20. A method of operating a power conversion circuit including a voltage boost circuit having a boost inductor, the method comprising:
- receiving an input voltage; and
  
  controlling operation of the voltage boost circuit in response to a level of current in the boost inductor and in response to a level of a load current by comparing the level of current in the boost inductor to a threshold level, and changing a state of a pulse width modulation signal that is supplied to the voltage boost circuit in response to the level of current in the boost inductor reaching the threshold level;
  
  wherein controlling operation of the voltage boost circuit comprises;
  
  generating a first current (I_CS) that is representative of the current in the boost inductor, generating a current sense signal (V_ICS) in response to the first current, comparing the current sense signal to a threshold voltage, and changing a state of the pulse width modulation signal in response to the comparison; and
  
  generating a second current (I_HYS), wherein the second current (I_HYS) comprises a hysteretic signal that corresponds to a hysteresis window within which the current in the boost inductor can fluctuate, adding the first current (I_CS) to the second current to generate a combined current (I_HYS+I_CS), generating a combined voltage signal in response to the combined current, and comparing the combined voltage signal to the threshold voltage.
- View Dependent Claims (21, 22)
- - 21. The method of claim 20, further comprising generating a current signal (I_CS) that is representative of the current in the boost inductor and changing a state of the pulse width modulation signal in response to the current signal falling below a first reference current or exceeding a second reference current.
  - 22. The method of claim 21, further comprising generating an error signal in response to the load current and generating the first reference current and the second reference current in response to the error signal.

23. A method of operating a power conversion circuit including a voltage boost circuit having a boost inductor, the method comprising:
- receiving an input voltage;
  
  controlling operation of the voltage boost circuit in response to a level of current in the boost inductor,generating a first current (I_CS) that is representative of the current in the boost inductor, generating a current sense signal (V_ICS) in response to the first current, comparing the current sense signal to a threshold voltage, and changing a state of the pulse width modulation signal in response to the comparison;
  
  generating a second current (I_HYS), adding the first current (I_CS) to the second current to generate a combined current (I_HYS+I_CS), generating a combined voltage signal in response to the combined current, and comparing the combined voltage signal to the threshold voltage; and
  
  setting the pulse width modulation signal to a first voltage level in response to the combined voltage signal falling below the threshold voltage and resetting the pulse width modulation signal to a second voltage level in response to the current sense signal rising above the threshold voltage.

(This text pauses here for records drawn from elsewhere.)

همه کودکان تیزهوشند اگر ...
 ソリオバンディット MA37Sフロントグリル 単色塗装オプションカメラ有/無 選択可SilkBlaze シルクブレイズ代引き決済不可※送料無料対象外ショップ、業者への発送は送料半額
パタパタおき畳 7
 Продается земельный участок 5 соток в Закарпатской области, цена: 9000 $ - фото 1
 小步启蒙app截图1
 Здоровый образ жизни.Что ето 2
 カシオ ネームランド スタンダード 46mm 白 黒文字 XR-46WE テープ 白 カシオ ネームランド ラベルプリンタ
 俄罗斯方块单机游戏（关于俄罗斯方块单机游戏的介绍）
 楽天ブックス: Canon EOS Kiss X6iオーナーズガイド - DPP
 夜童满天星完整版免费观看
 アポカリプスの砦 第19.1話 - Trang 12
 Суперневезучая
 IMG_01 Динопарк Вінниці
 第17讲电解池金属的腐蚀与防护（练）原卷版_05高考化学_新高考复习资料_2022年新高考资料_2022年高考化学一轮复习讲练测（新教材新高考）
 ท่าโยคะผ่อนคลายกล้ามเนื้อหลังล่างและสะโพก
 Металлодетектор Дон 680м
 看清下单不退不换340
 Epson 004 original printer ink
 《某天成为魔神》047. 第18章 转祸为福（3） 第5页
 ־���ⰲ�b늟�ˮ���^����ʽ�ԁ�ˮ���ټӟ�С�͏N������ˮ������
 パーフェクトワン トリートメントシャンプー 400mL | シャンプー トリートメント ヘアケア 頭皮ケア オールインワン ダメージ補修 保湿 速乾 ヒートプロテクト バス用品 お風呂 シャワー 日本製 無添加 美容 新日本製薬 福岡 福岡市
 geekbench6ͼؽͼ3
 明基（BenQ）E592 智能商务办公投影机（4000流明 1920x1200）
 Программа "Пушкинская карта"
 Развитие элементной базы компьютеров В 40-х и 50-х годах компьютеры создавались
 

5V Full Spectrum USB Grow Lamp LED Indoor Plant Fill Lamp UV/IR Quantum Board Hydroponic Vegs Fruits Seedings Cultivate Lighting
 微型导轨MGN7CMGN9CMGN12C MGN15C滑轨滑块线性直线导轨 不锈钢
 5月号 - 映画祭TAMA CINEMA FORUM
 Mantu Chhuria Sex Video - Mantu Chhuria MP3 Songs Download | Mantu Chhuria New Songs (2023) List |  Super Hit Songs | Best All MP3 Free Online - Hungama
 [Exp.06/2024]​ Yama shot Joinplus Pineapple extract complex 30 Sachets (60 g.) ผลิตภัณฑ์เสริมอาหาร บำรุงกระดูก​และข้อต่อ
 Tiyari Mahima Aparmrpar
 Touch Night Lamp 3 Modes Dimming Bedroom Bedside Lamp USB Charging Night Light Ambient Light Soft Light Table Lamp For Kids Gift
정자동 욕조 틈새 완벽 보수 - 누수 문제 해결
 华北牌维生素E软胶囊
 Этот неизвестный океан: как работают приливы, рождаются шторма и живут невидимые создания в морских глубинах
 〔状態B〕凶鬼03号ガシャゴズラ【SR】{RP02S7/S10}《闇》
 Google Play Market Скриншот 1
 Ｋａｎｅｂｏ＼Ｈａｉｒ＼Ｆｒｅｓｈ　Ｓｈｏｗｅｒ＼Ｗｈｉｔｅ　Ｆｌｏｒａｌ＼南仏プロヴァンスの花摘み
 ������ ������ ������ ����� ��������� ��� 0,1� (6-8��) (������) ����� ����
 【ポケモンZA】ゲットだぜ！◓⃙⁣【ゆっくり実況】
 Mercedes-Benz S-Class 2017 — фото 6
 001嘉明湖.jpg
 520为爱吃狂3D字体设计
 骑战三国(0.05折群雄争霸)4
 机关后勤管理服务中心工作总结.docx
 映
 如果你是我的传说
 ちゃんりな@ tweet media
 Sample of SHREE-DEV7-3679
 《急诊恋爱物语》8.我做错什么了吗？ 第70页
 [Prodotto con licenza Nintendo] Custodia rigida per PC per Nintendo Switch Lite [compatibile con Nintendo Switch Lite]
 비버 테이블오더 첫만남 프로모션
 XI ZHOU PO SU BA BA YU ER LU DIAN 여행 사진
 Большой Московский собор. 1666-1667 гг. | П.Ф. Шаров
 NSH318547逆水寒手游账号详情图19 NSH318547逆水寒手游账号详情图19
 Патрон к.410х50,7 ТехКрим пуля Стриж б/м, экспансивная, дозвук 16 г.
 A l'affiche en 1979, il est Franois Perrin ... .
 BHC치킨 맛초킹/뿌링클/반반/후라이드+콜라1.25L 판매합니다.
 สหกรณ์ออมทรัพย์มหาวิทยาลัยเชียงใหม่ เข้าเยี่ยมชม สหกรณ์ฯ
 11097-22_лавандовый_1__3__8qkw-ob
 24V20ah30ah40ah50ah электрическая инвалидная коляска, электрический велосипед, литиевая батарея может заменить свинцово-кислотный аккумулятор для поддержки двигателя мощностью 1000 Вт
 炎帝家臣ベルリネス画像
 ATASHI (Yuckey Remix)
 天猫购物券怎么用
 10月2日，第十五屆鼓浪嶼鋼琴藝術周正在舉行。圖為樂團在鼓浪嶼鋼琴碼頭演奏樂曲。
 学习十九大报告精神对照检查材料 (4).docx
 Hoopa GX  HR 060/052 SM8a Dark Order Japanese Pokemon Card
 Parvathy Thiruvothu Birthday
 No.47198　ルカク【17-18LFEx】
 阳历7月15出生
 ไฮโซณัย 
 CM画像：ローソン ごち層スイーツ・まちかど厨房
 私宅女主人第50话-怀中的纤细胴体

- View Dependent Claims (24, 25, 26, 27, 28)
- - 24. The method of claim 23, further comprising generating an error signal in response to a load current and generating the threshold voltage in response to the error signal.
  - 25. The method of claim 23, further comprising generating the pulse width modulation signal in response to the current sense signal, the combined voltage signal and the threshold voltage.
  - 26. The method of claim 23, further comprising generating a comparison signal in response to a load current, generating a feedforward voltage signal in response to a feedforward signal (I_FF) that is representative of a level of a rectified input voltage signal, multiplying the comparison signal by the feedforward signal to obtain an error signal, and comparing the current sense signal to the error signal.
  - 27. The method of claim 26, further comprising setting the pulse width modulation signal to a first voltage level in response to the current sense signal falling to zero and resetting the pulse width modulation signal to a second voltage level in response to the current sense signal rising above the error signal.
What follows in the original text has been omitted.